Figure 1 shows how the parallel SGA typically converges during the search for the profile and structural parameters. The graph was plotted during the running of the full-profile QPA of a bath reference material. The X-axis shows the number of the generation, whilst the Y axis provides the best corresponding R-factor value that was found among the population at the managing unit. At the zero generation, the SGA randomly generates the initial populations of the trial models.

At the final stage of the QPA, the approximate parameter values, which have been found by the SGA, are exposed to the Rietveld refinement. Figure 2 depicts the experimental powder pattern of the analyzed bath reference sample and the profile that was calculated after the Rietveld refinement. The value of the profile R-factor, which characterizes the difference between the profiles, is 8.6%.

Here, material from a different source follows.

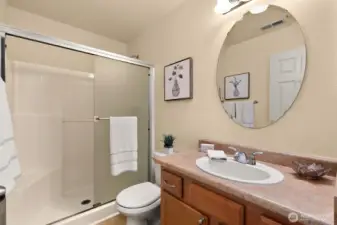 Full bath with low-rise shower on the main level.  Perfect for multigenerational living.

We propose the correspondence between the certified and calculated values of the cryolite ratio as the quality criterion for results of the evolutionary full-profile QPA. The cryolite ratios were calculated according to the Equation (1). We used the phase concentrations that were computed according to Equation (3) to find the shares of sodium fluorite and aluminum fluorite. Figure 3 shows the correspondence between the certified and calculated values of the cryolite ratio.

Figure 3 also provides the linear regression equation (y = a + bx) and the standard deviation, which numerically characterize the correspondence. Therefore, the bias of b from 1 characterizes the systematic error of the results, while the standard deviation describes the random error.

4. Discussion

The calculated values match the certified values with an accuracy of SD = 0.035, and all the results fall within the 95% confidence interval. The linear regression equation is close to a y = x form because the a coefficient is statistically insignificant. However, the b coefficient is 3.5 relative per cent higher than 1. This indicates that the results of the evolutionary full-profile QPA are slightly overestimated.

An analysis shows that this systematic error is caused by the overestimation of the Na₃AlF₆ concentration. This fact proves that the automated Rietveld method that uses SGA data refines the structure of this phase ineffectively. It appears that the structure distorts due to the incomplete transition of the Na₃AlF₆ high-temperature modification to the low-temperature modification. Such an effect is a result of the nonequilibrium crystallization of bath samples, which is caused by a specific sampling procedure being used at aluminum smelters. In addition, the structural distortion inflates the standard deviation of the results.

Overall, the results meet the technological requirements that are set for the accuracy of CR analysis at the smelters. Therefore, we recommend the automated evolutionary method of QPA for the express control of bath composition. However, prior to implementing the method in industry, we must improve its performance by eliminating the causes of the systematic error.